§ Directions for this task:
Copy exactly the stretch of lines from the one holding "69 - A beautiful" through the last line of the data below, inclusive. Leave out pictures.

§ Data for this exercise:
§ §

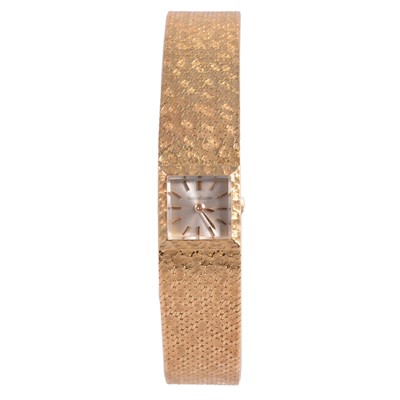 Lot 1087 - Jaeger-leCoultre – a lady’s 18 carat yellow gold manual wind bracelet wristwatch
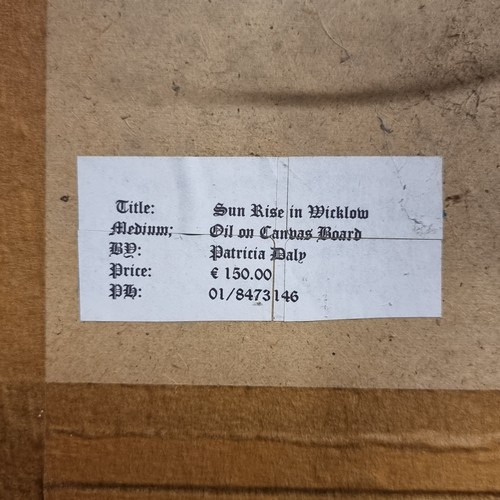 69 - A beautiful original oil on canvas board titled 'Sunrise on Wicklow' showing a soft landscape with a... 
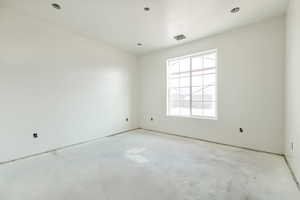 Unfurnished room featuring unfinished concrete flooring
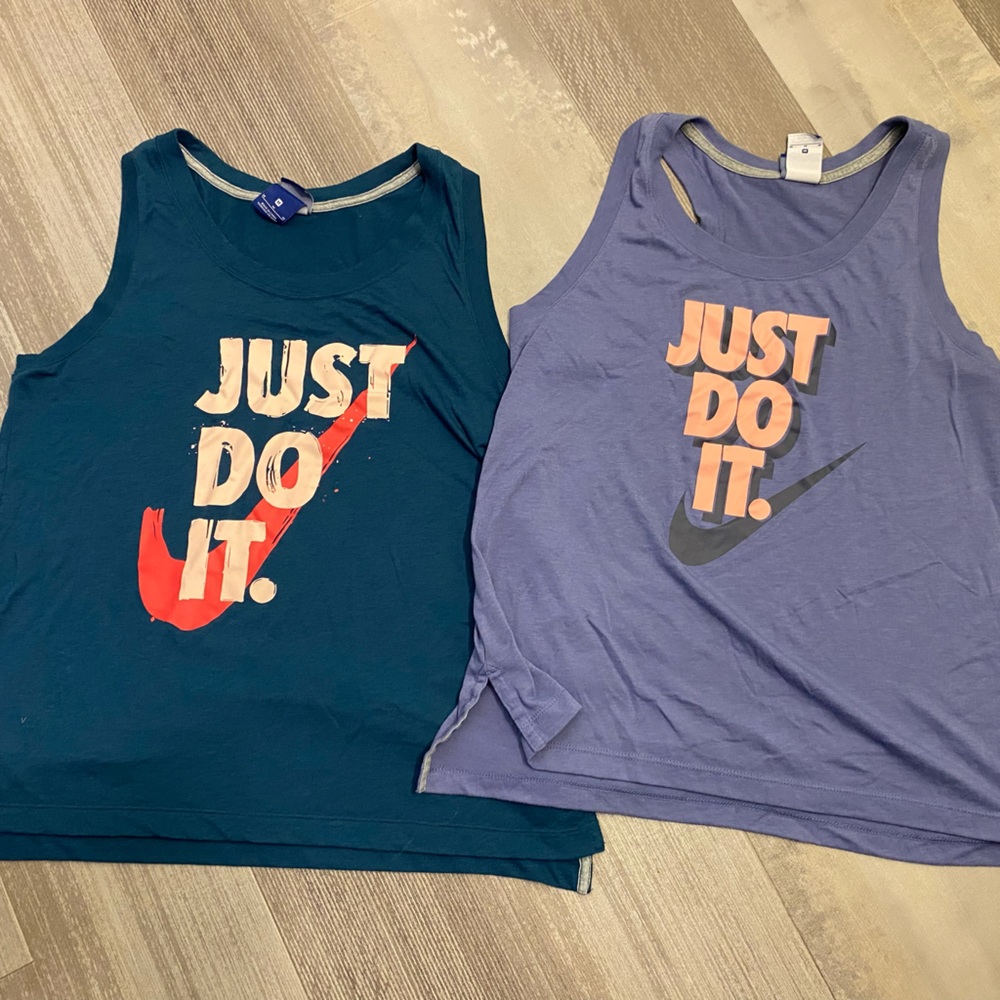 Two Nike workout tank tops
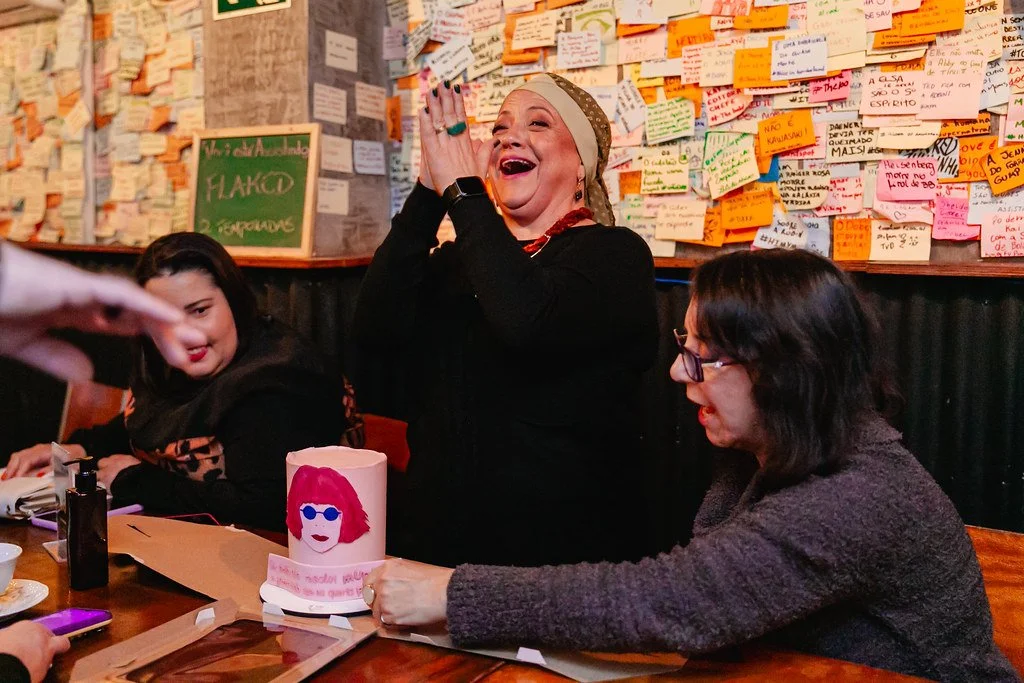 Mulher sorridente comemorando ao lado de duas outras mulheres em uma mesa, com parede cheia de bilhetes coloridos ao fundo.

§ §

§ Exercise answer:
 69 - A beautiful original oil on canvas board titled 'Sunrise on Wicklow' showing a soft landscape with a... 
 Unfurnished room featuring unfinished concrete flooring
 Two Nike workout tank tops
 Mulher sorridente comemorando ao lado de duas outras mulheres em uma mesa, com parede cheia de bilhetes coloridos ao fundo.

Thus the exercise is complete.